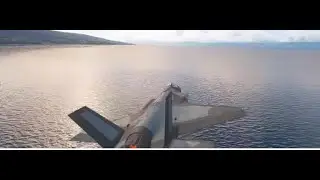 VR Flight F35A Low Level Terrain Swiss Alps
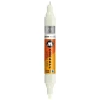 Marker Molotow ONE4ALL Acrylic Twin 1,5 – 4 mm nature white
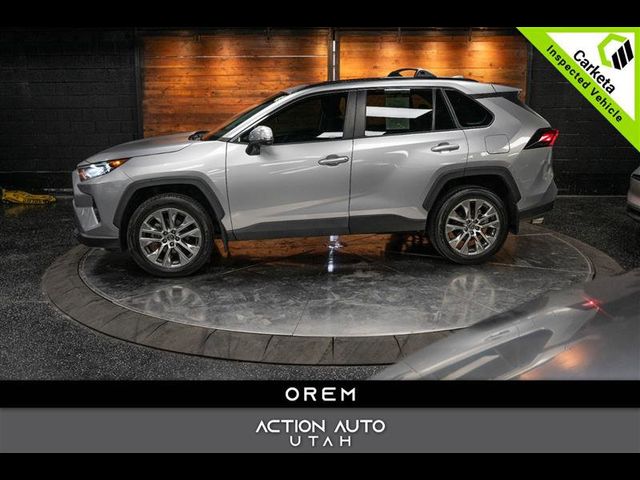 2019 Toyota RAV4 XLE Premium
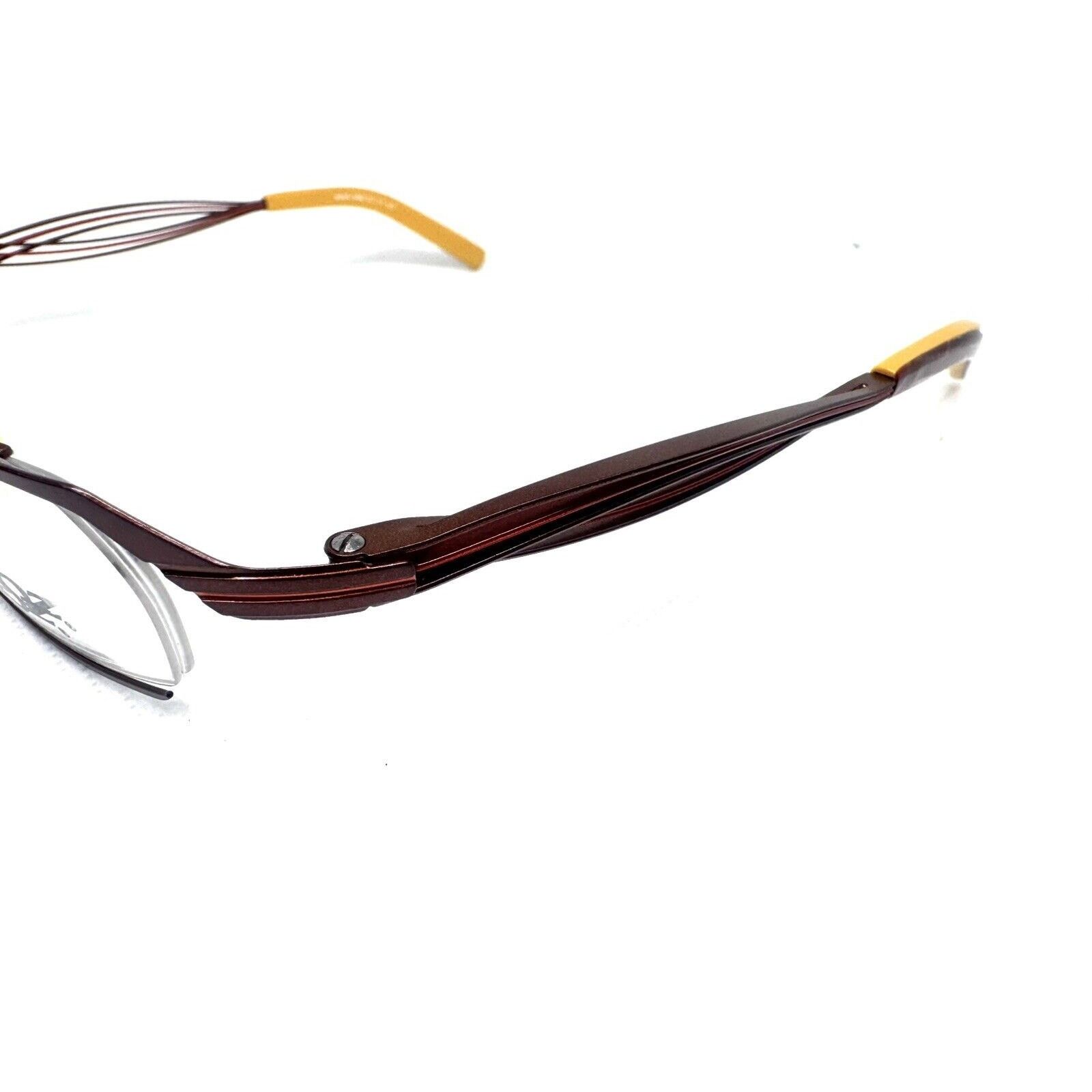 J.F. REY BOZ NOVA BROWN 9060 EYEGLASSES SUNGLASSES FRAMES 51-17-127 Size ONE SIZE - 3 Thumbnail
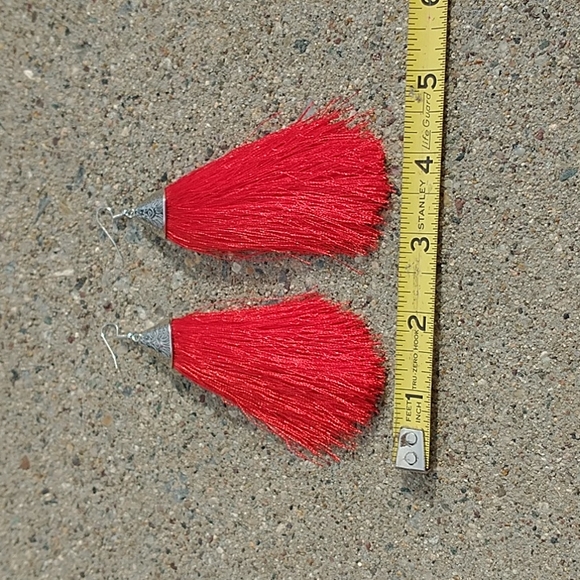 Gorgeous Tassel Earrings! - Picture 3 of 4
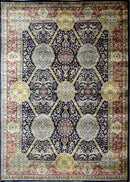 10x14 Rug | Mashad Handmade Handspun Wool  Area Rug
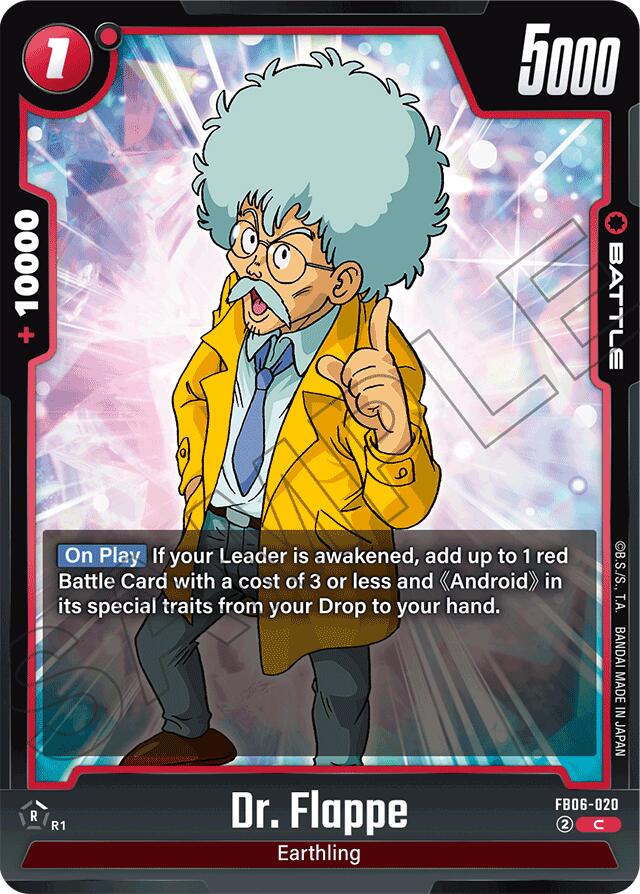 Dr. Flappe [Rivals Clash] | Cards and Coasters CA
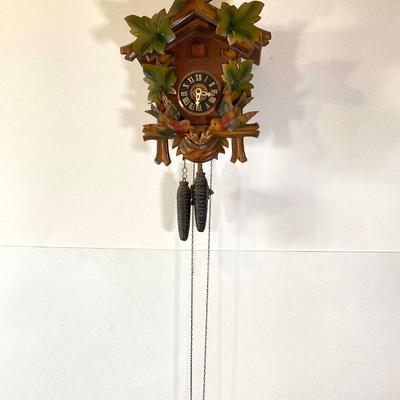 LOT 245: Vintage Regula Made in Germany Cuckoo Clock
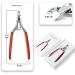 Professional Stainless Steel Cuticle Cutter & Nippers for Precision Nail Care | International Shipping Available - Buy Online on SooperMarket.com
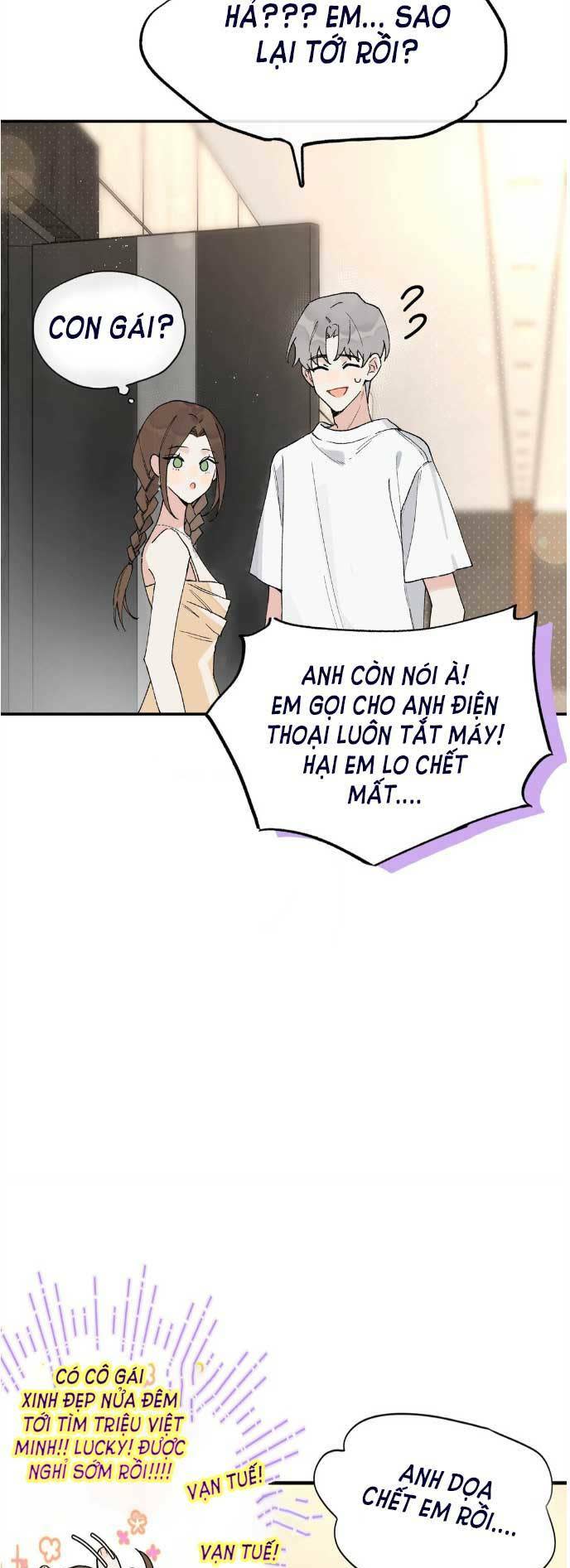 hôm nay anh có lộ bí mật chưa? chapter 4 - Next chapter 5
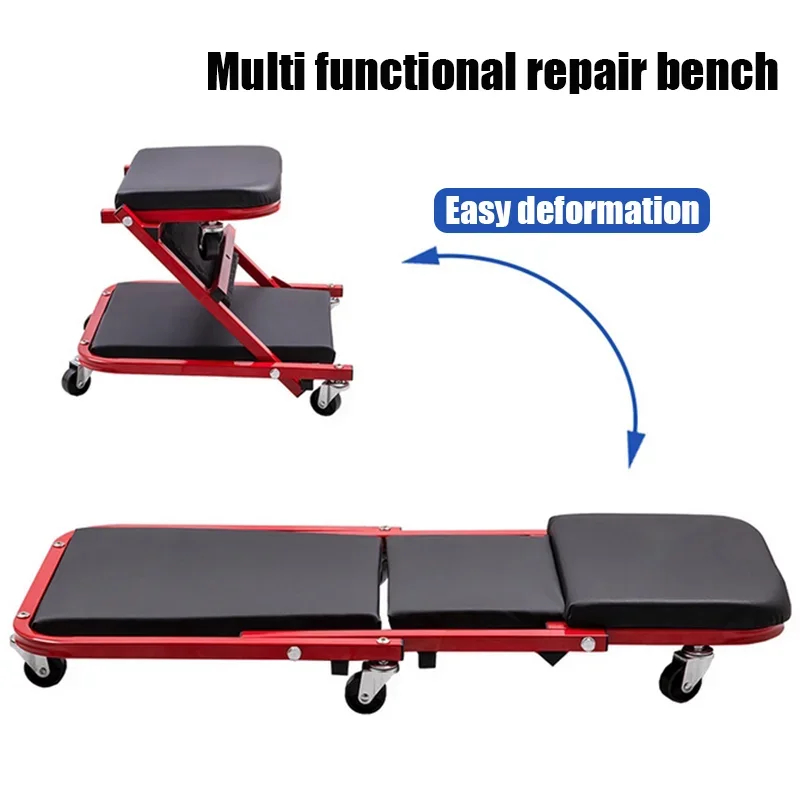 36 Inch Folding Car Creeper Se - Garage Creeper Roller 评论和价格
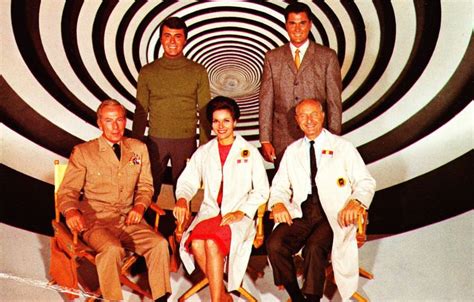 The Cast Of The Time Tunnel James Darren Robert Colbert Whit Bissell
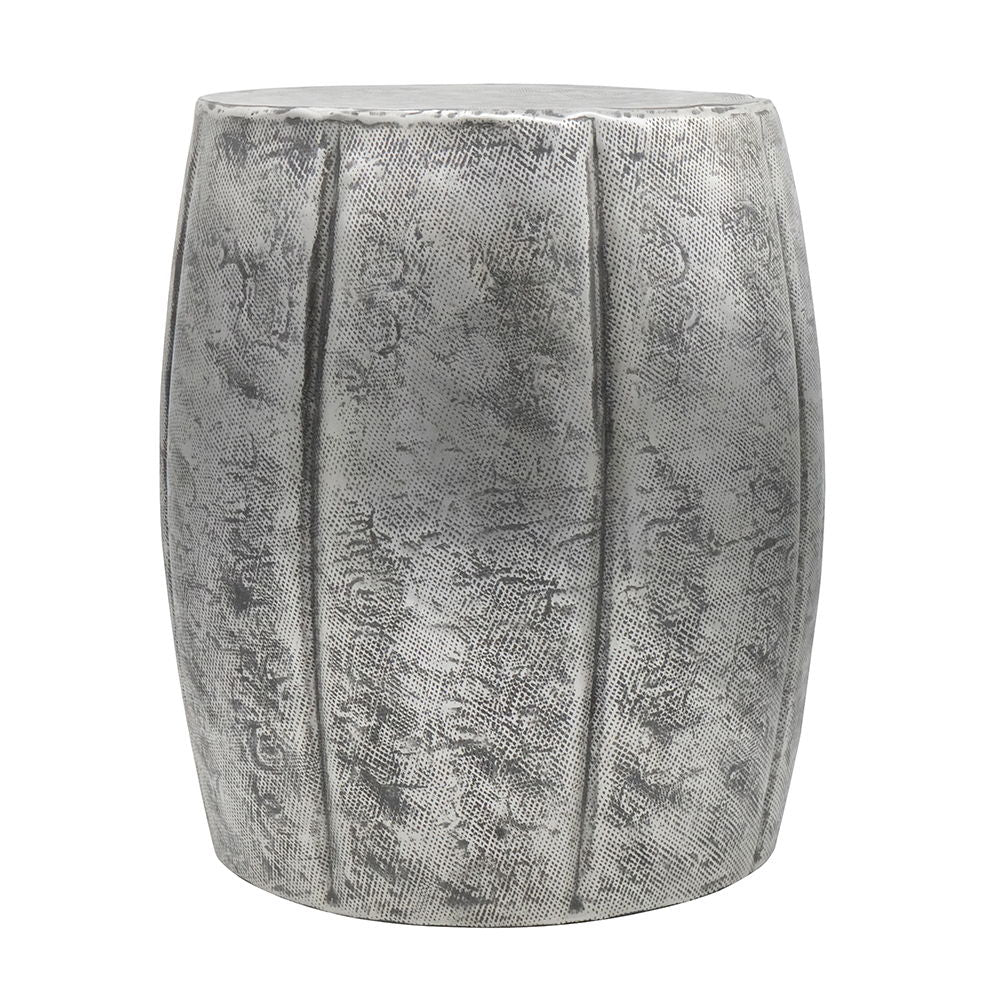 Vanora Accent Table - Silver by Unique Piece Furniture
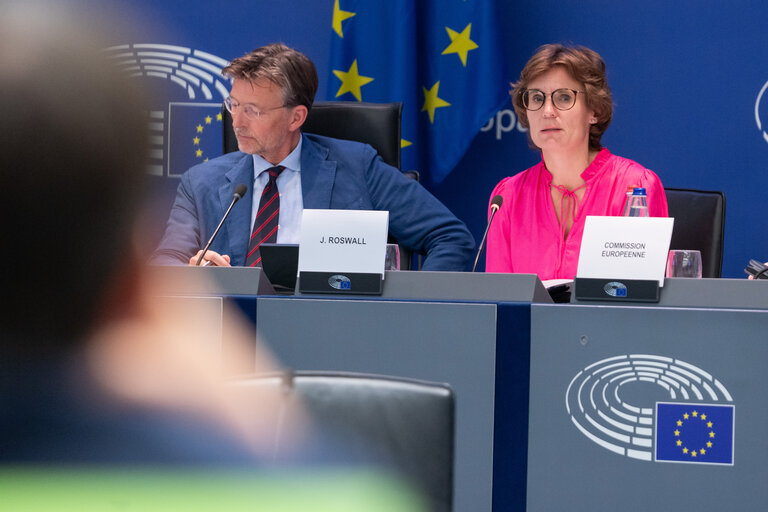 ENVI - Exchange of views with Jessika Roswall, Commissioner for Environment, Water Resilience and a Competitive Circular Economy, and presentation of the Water Resilience Strategy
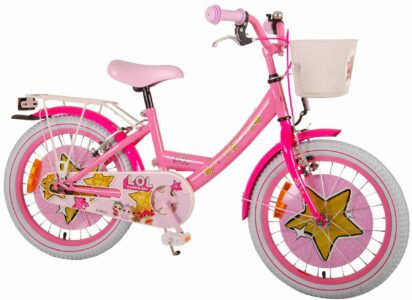 Kinderfiets LOL Surprise - Meisjes - Roze - 18 inch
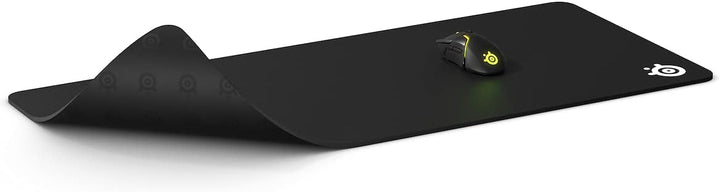 SteelSeries QcK XXL - Gaming-Mauspad - Stoff - Gummiunterseite - Schwarz (900mm x 400mm x 2mm) XXL D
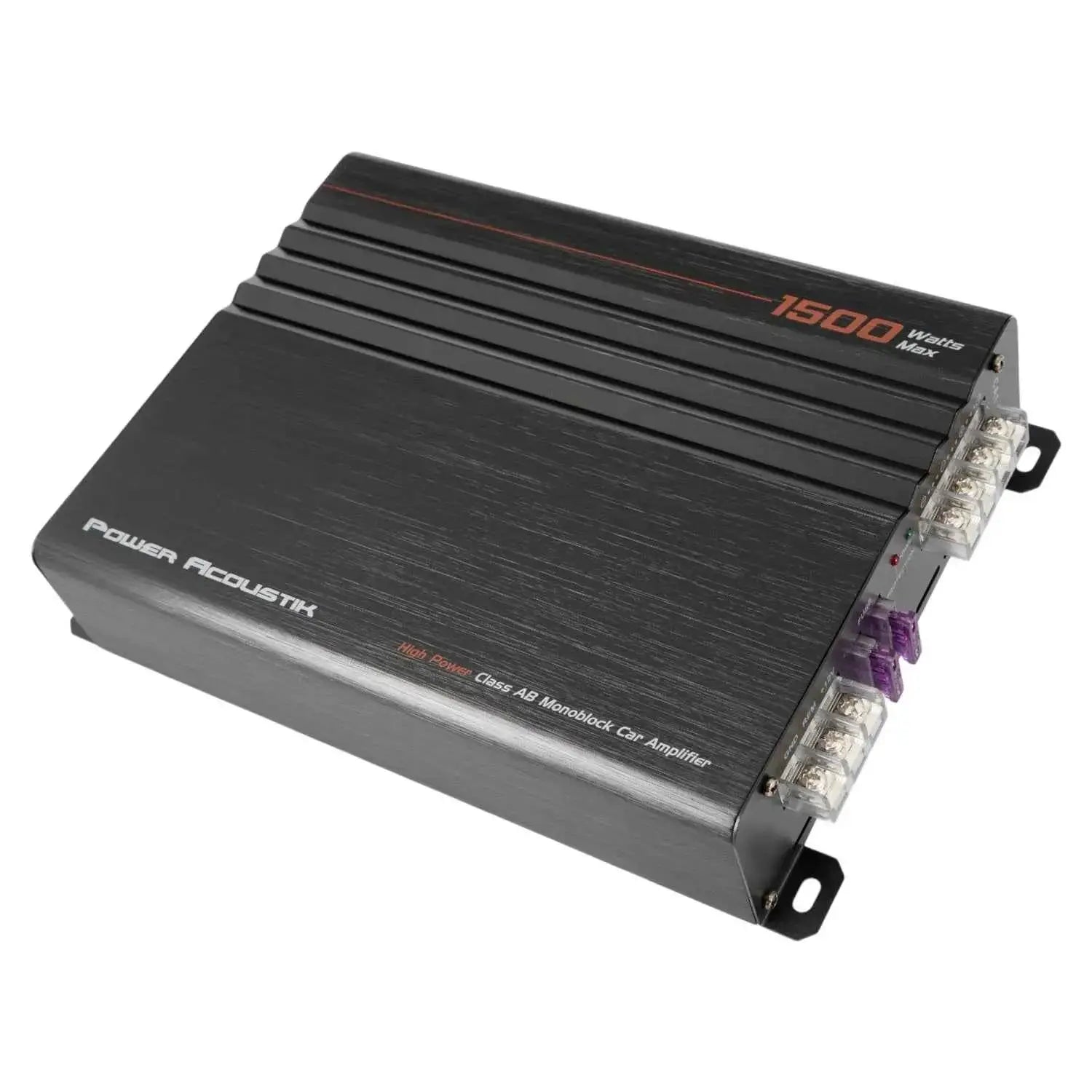 CA1-1500 | 1,500W Class A/B Monoblock Car Amplifier – Power Acoustik CA1-1500 | 1,500W Class A/B Monoblock Car Amplifier – Power Acoustik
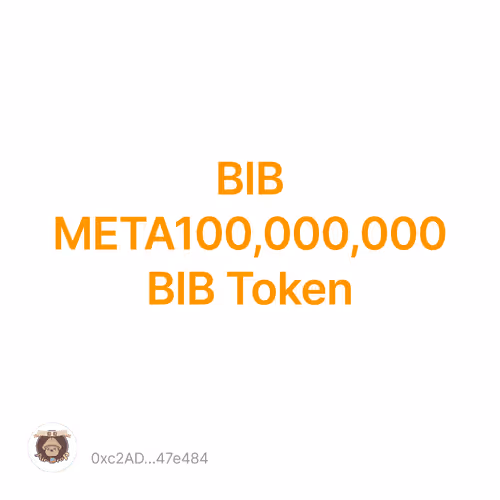 BIB META100000000 BIB Token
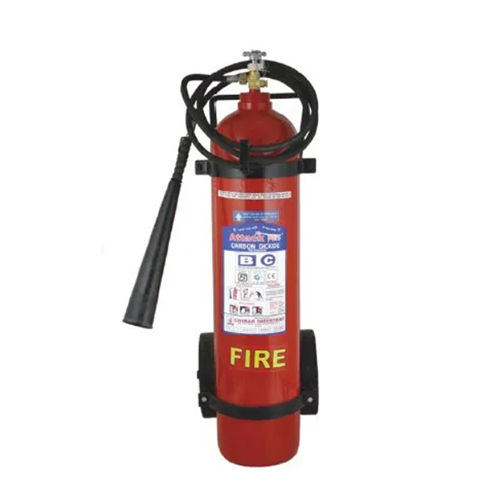 4.5 kg Trolley Mounted CO2 Fire Extinguisher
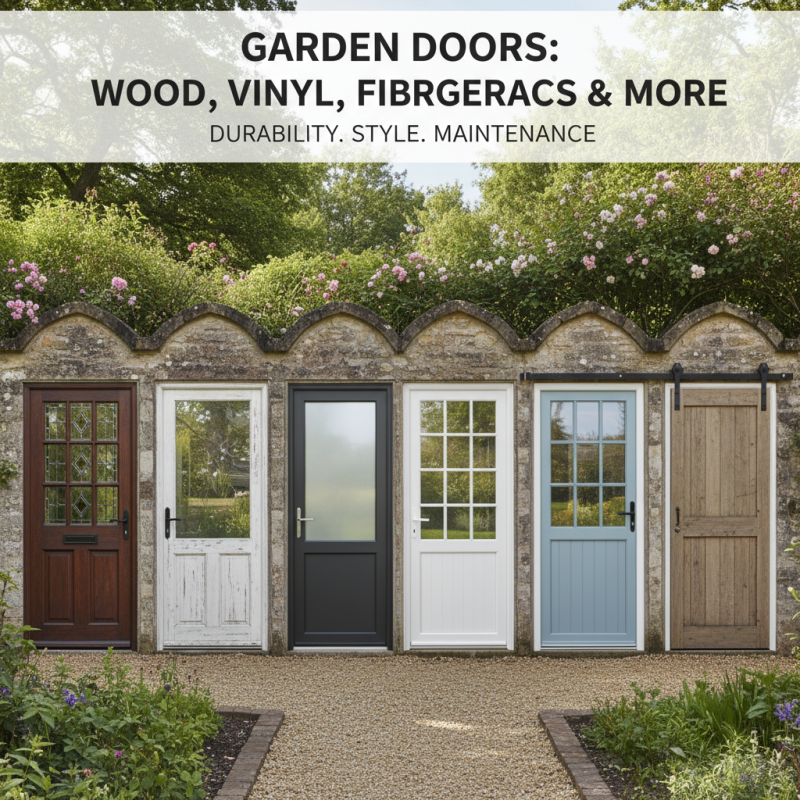 How to Choose the Best Garden Doors for Your Home?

** Instructions to follow **
Copy needed, without pictures: the lines of the listing above from the line containing "The Cast Of" up to and including the line containing "ENVI - Exchange", set down exactly.

** Solution **
 The Cast Of The Time Tunnel James Darren Robert Colbert Whit Bissell
 Vanora Accent Table - Silver by Unique Piece Furniture
 ENVI - Exchange of views with Jessika Roswall, Commissioner for Environment, Water Resilience and a Competitive Circular Economy, and presentation of the Water Resilience Strategy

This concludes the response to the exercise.